This class defines a series-connected module. This means that the module voltage is the sum of the voltages of each child SU, while all child Sus have the same current. All functions are fairly straightforward. See below about multithreading.

Contact resistances are in series with the cells as indicated below (where R_i is contact resistance i, and SU_i is child SU i). Note that each SU has its own resistance (which will be in series with the contact resistance)

Time integration in modules works by calling the time integration functions of the child SUs (which will eventually end up in the time integration functions of Cells or SPM cells). Time integration can take multiple time steps at once, which means we allow every child SU to take this number of time steps on its own before returning to the module code. So if we want to take 10 time steps in a series module, we first take 10 time steps in SU1, then 10 steps in SU2, etc. until we have taken 10 time steps in the last SU.

Currently multithreading option is not working but when it works time integration of the different child SUs will be completely independent of each other, so a new thread is created per child SU, and the child SU is integrated over N time steps on that separate thread.
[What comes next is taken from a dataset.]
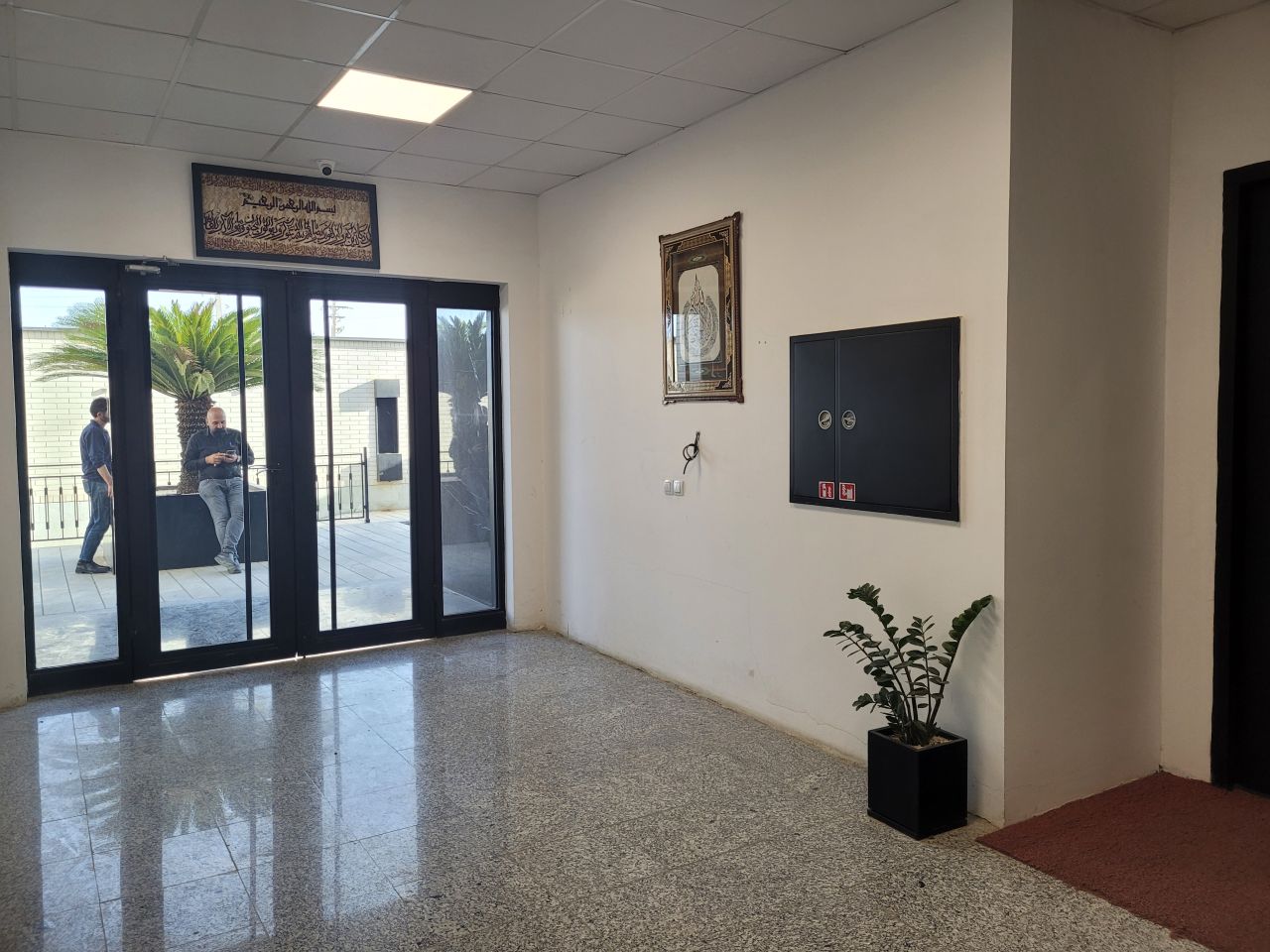 https://app.punto.ir/storage/attachments/project/01JRFQD07Z1ZTEXY53NKSV65BH1744284582.jpg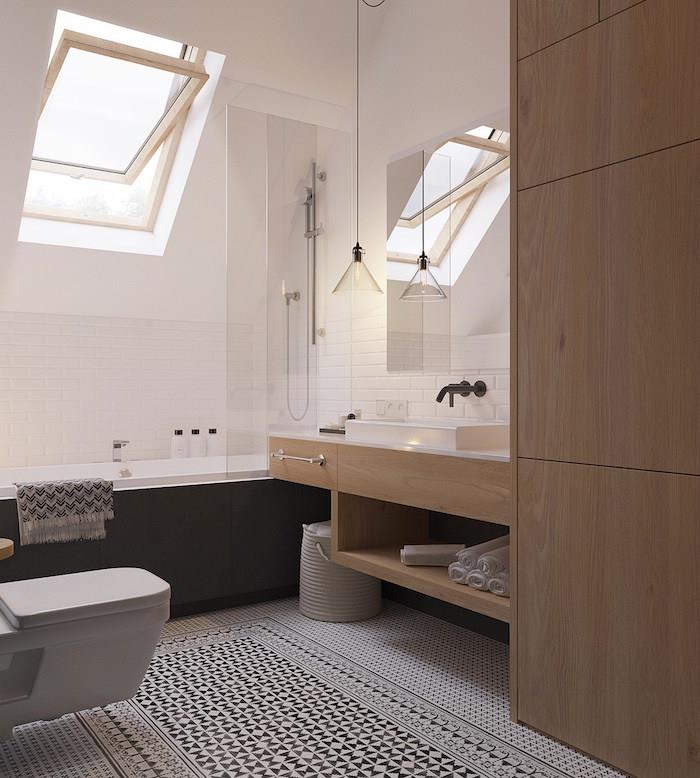 podstrešna kopalnica pod streho z leseno oblikovano omarico v skandinavskem slogu in belimi stenami ter keramičnimi tlemi iz modrega mozaika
When each child has completed its time integrations, the code returns to the main thread. If an error happens during time integration on a separate thread, a flag is set in the Module, such that after returning to the main thread we know something went wrong and can deal with it appropriately.

Multithreading does not make sense for small modules (modules made of cells) since the overhead to create a thread, share memory locations, etc. is much larger than the computational requirement of integrating a single cell for 10 steps. However, if you have hierarchical modules (modules made of modules made of … made of cells), then using the multithreading at the ‘outer' module will speed up the calculation dramatically (since 10 time steps of its child SUs might involve taking 10 time steps on hundreds or thousands of cells).

Module_p

This function defines a parallel-connected module. This means that the voltage of all child SUs has to be the same (or within a defined tolerance), while the module current is the sum of the currents to each child SU.

Contact resistances are in parallel branches in the module. The terminals of the parallel module are before the first cell as indicated below. This means that the entire module current goes through R1, the current through R2 is the sum of the currents through SU2, SU3 and SU4. Similarly for all resistances. Note that an SU will have its own resistance (which will be in series with the OCV of the SUs). In reality, there might also be resistances at the other side of the module (i.e. on the bottom horizontal line in the circuit below), but these can be lumped into the resistances on top since exactly the same current will pass through them. Note that cell currents are always the total current passing through that cell (i.e. the sum of the current to the module terminal and the current to the other cells to balance the voltages).

To ensure that the voltages of the child-SUs are always the same, the code follows a sort of PI-controller behaviour. If the voltage of one SU is too large, the code will increase its current (i.e. charge less or discharge more) and decrease the current of the SU with the smallest voltage with the same amount. This ensures that the total module current remains the same (because current is swapped) and that the voltages converge over time. This implementation was found to be much faster and more robust than explicitly solving the equations to equalise the voltage.

There are three functions with a significant functionality:

  1. redistributeCurrent: as the name implies, this function will redistribute the current flowing in the total module to the different child SUs in order to end up at the same voltages. This function works a bit like a PI controller, if the voltage of a cell is too large, its current is increased (i.e. the cell current is increased by a fraction which is a function of the error on the voltage). To ensure the total module current remains the same, the opposite current change is done to the cell with the lowest voltage. Note that it is not exactly a PI controller, because the amount of current changed is not directly a function of the voltage error. This is necessary because the OCV curve is very steep at some points while almost flat at others (so the same change in current will have a very different effect on the voltage depending on where in the OCV curve you are), cell resistances are not constant, and different cells can be at different states (e.g. a module with 1 degraded cell and 4 ‘good ones', then the same current change in the degraded cell will have a much larger effect than the same change in a ‘good' cell. Instead, the amount of current swapped between the cells with the highest and lowest voltage is a small fraction of the cell current. The fraction is small enough to ensure stability in almost all cases, but it does mean that if the error is large you will need a few iterations to reach the appropriate correction. The fraction will however decrease if the voltage error decreases, but according to a pre-defined step-wise approach, which ensures convergence and stability in almost all cases.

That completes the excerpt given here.